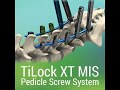 Genesys Spine: TiLock XT Minimally Invasive Pedicle Screw System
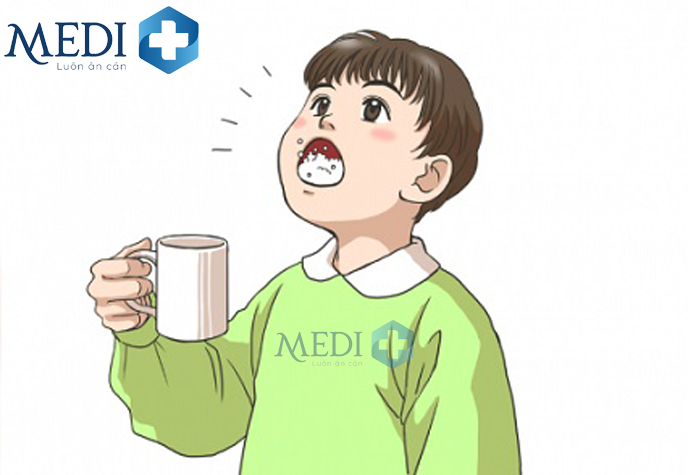 Cho trẻ súc miệng bằng nước muối giúp giảm giảm đau giảm viêm khá tốt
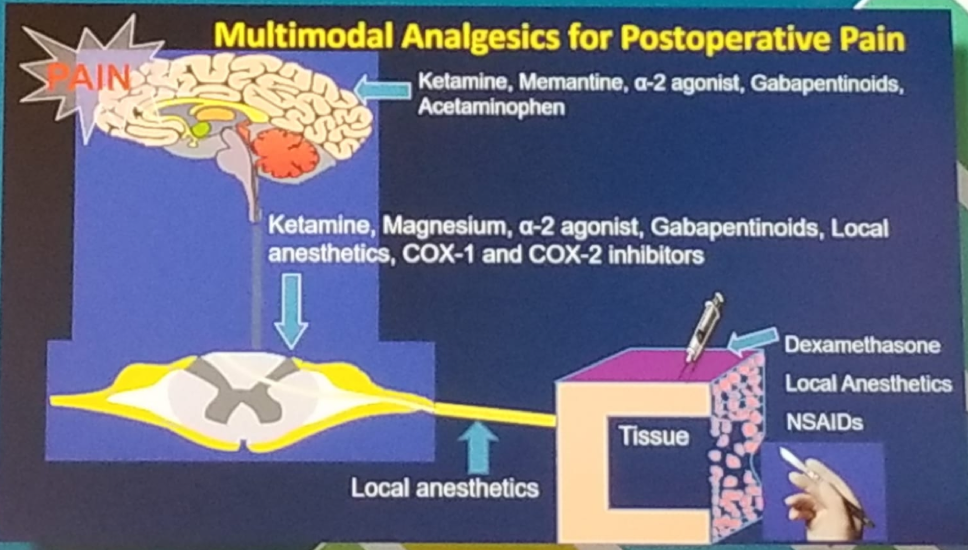 AUA 2019 Multimodal Analgesics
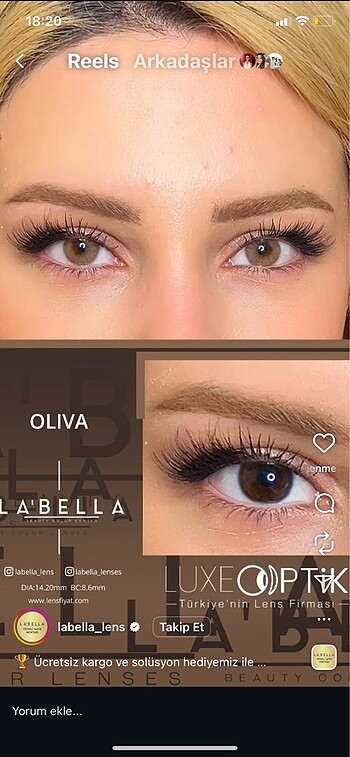Lens labella
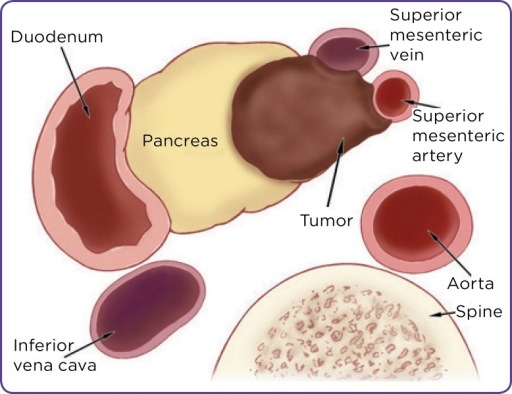 Karsinoma Pankreas tipe Borderline Resectable. Sumber: Openi, 2008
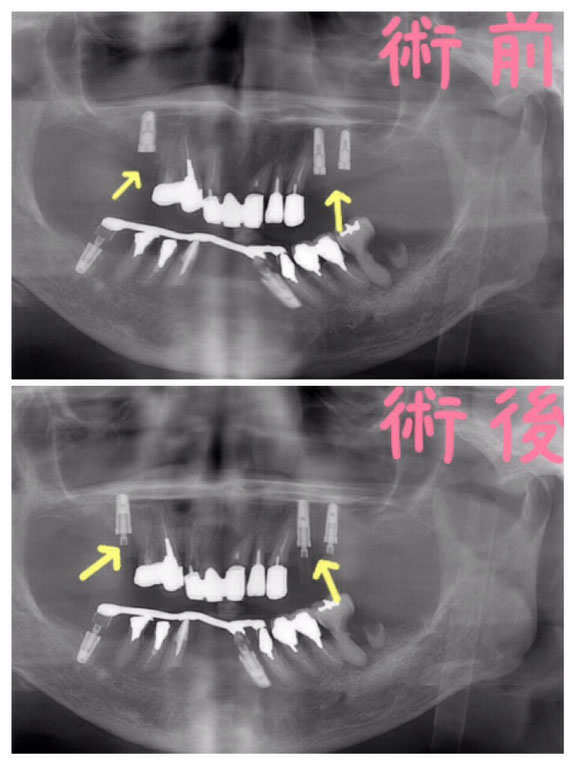 術前　術後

§ **Task objective**: For the material above, repeat each line exactly and leave out the pictures.

§ **Result of this task**:
 Genesys Spine: TiLock XT Minimally Invasive Pedicle Screw System
 Cho trẻ súc miệng bằng nước muối giúp giảm giảm đau giảm viêm khá tốt
 AUA 2019 Multimodal Analgesics
Lens labella
 Karsinoma Pankreas tipe Borderline Resectable. Sumber: Openi, 2008
 術前　術後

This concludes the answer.